- **What is needed**:
Among the lines below, the one containing "It should be" opens the range and the one containing "Conclusion: Congratulations! You've" closes it. Print that range exactly, without the pictures.
──────────────────────────────
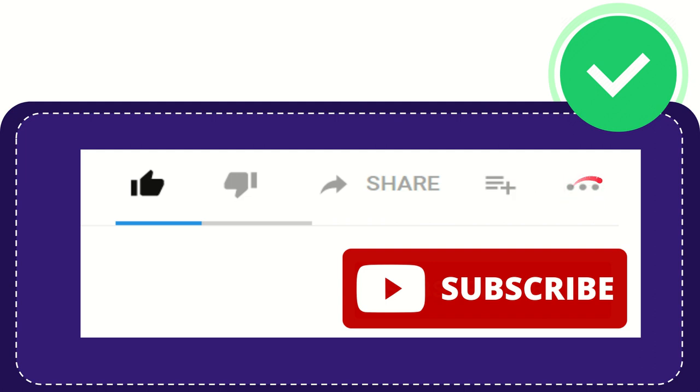You can find more options by clicking these three dots. Don't forget to subscribe. Thank you so much for watching this video and see you again in another video. Bye bye.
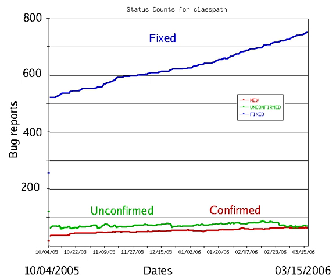A software bug is an error, flaw, failure or fault in a computer program or system that causes it to produce an incorrect or unexpected result, or to behave in unintended ways.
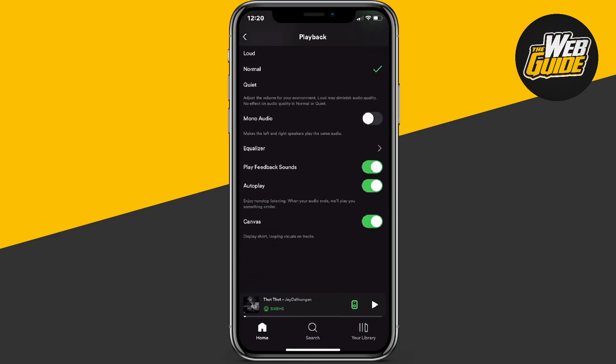It should be second to last in this row here. You can see the autoplay option, and it's currently on. Go ahead and toggle this off and that'll get rid of autoplay for you on Spotify.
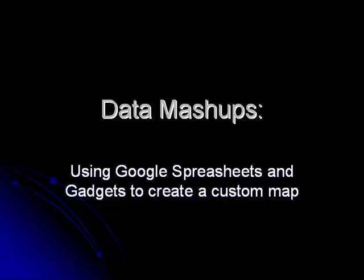Data mashups are an increasingly popular Web 2.0 technology which allow users to combine data from multiple sources into a single, usable tool.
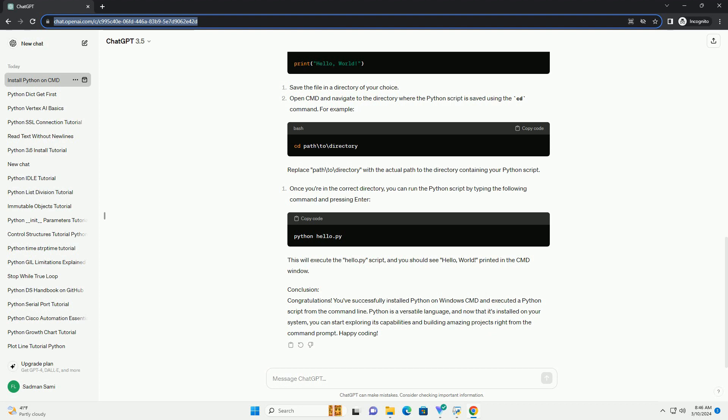Conclusion: Congratulations! You've successfully installed Python on Windows CMD and executed a Python script from the command line. Python is a versatile language, and now that it's installed on your system, you can start exploring its capabilities and building amazing projects right from the command prompt. Happy coding!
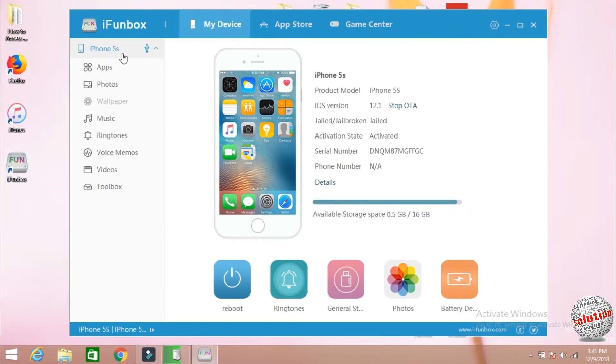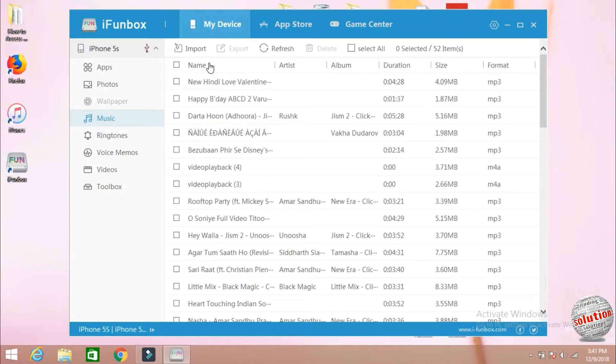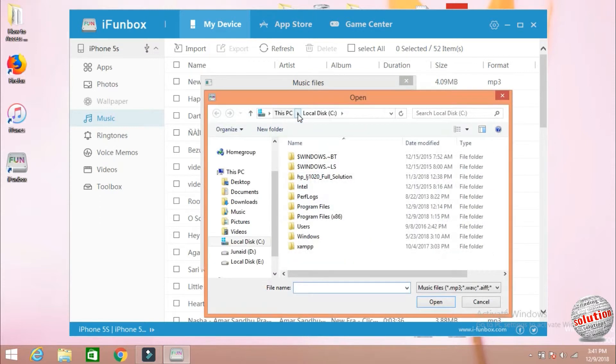Open the software. Now you can see here my iPhone is connected. Now go to music. If you want to import the music in the iPhone, click on import, click here on the box. Now select the location where the music is.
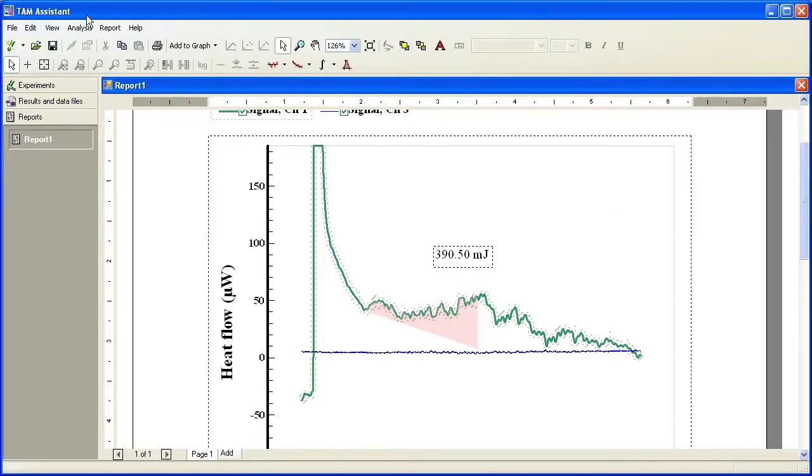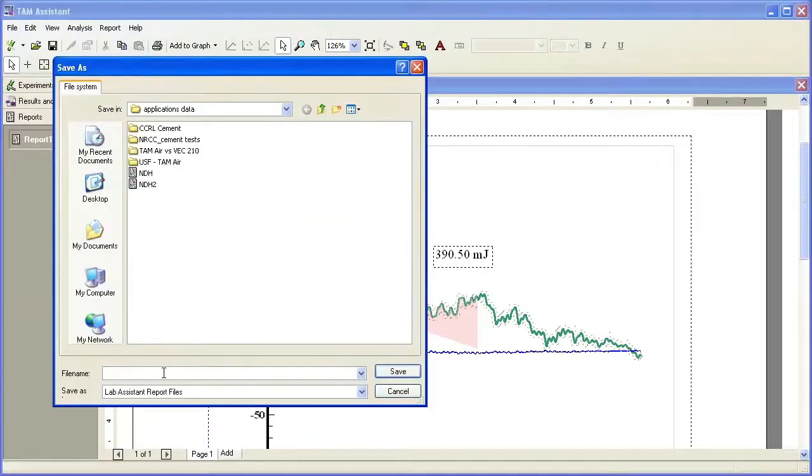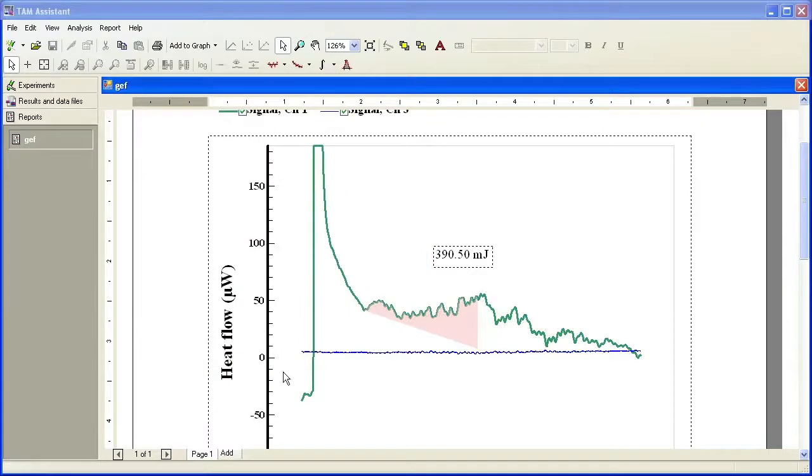If you like, you can also save this report file by going to save as report. And this report will then be saved so you can open it at a later date in TAM Assistant software.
──────────────────────────────
- **Result of this task**:
It should be second to last in this row here. You can see the autoplay option, and it's currently on. Go ahead and toggle this off and that'll get rid of autoplay for you on Spotify.
Data mashups are an increasingly popular Web 2.0 technology which allow users to combine data from multiple sources into a single, usable tool.
Conclusion: Congratulations! You've successfully installed Python on Windows CMD and executed a Python script from the command line. Python is a versatile language, and now that it's installed on your system, you can start exploring its capabilities and building amazing projects right from the command prompt. Happy coding!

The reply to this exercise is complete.